Il timore che il separatismo apra in Catalogna una crisi con effetti dirompenti per l’economia spagnola e peggiori di quelli della Brexit, riguardano soprattutto le incognite aperte dalla possibile dichiarazione unilaterale di indipendenza. La preoccupazione è tale che, nel tentativo di gettare ponti alla Catalogna che volta le spalle, 1.500 imprenditori hanno aderito alla campagna conduttore #QuieroCorredor (“Voglio il corridoio”), presentata martedì a Madrid alla presenza dl gotha imprenditoriale, per rilanciare il progetto del Corridoio Mediterraneo, l’asse ferroviario di 1.300 km per il trasporto di merci e passeggeri, sul versante orientale della Spagna fino alla frontiera francese di Portbou, che la Catalogna rivendica da decenni. E il ministro delle infrastrutture, Iñigo de la Serna, ha confermato il «pieno e fermo impegno» del governo di Rajoy per il completamento e il finanziamento del programma. Nell’escalation di esibizione di muscoli fra il nazionalismo spagnolo e quello catalano, il mondo imprenditoriale teme possa aprirsi una spirale perversa – il boicottaggio dei prodotti catalani nel resto di Spagna e di quelli iberici in Catalogna – che avrebbe effetti devastanti sulla ripresa e la crescita sostenuta del Pil del sistema paese, attestata sul 3,2% la maggiore in Europa. «Molte delle imprese qui riunite hanno sedi in Catalogna, fabbriche, negozi, impiegati, clienti fornitori, famiglie. Chiediamo quanto prima ai politici di risolvere questa crisi e recuperare l’equilibrio sociale», lo sfogo di Ignacio Osborne, il presidente dell’Impresa Familiare, che in Spagna rappresenta il 90% del tessuto produttivo, davanti ai 500 industriali presenti al congresso nazionale.
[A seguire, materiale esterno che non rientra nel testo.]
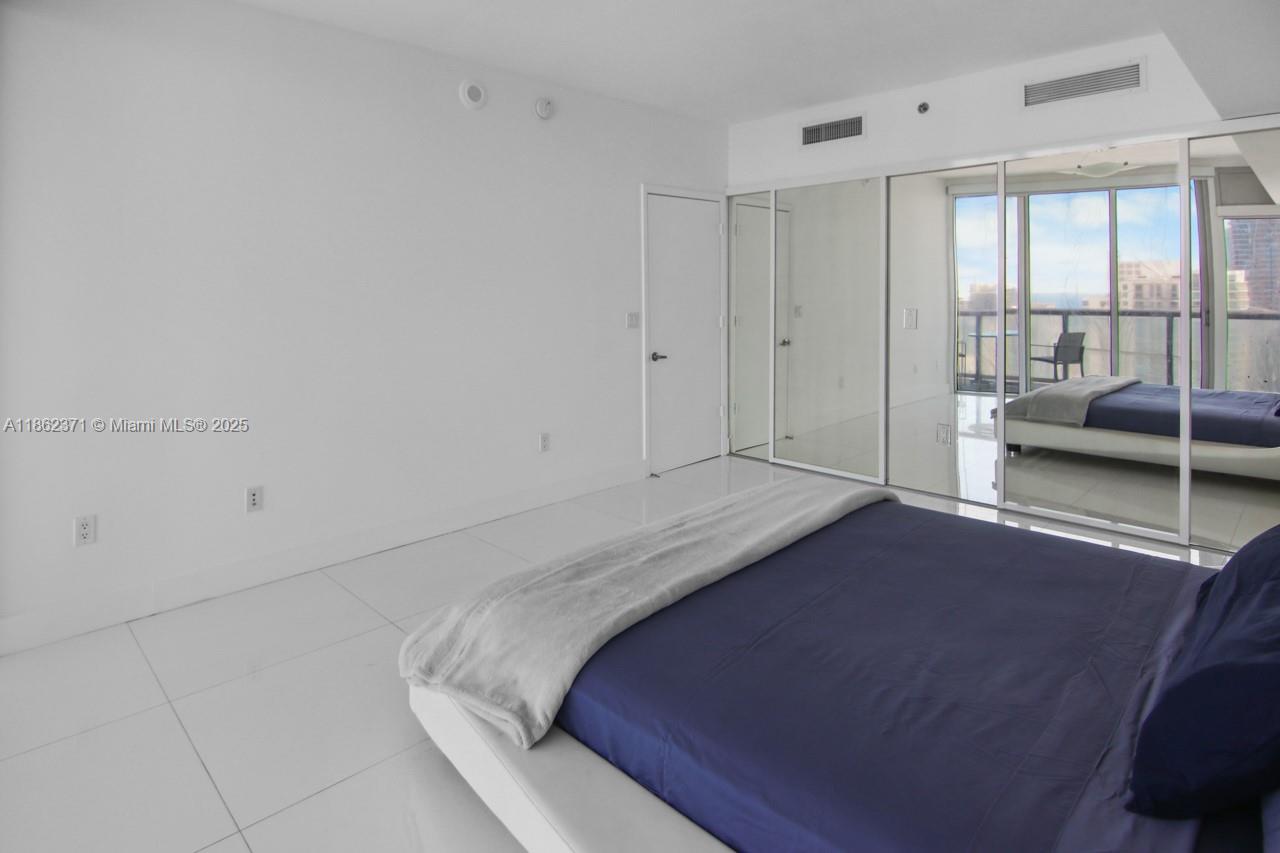 ICON BRICKELL NO TWO - Residential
L’instabilità genera incertezza e questa frena lo sviluppo. E un importante danno collaterale della battaglia separatista potrebbe essere l’esclusione di Barcellona dalla competizione con 19 città per ospitare l’Agenzia di Europea per il farmaco, che lascerà il Regno Unito nel 2019 a causa del Brexit. Pur essendo fra le candidature più solide, la città di Gaudí, in caso di secessione, sarebbe automaticamente fuori dalla corsa.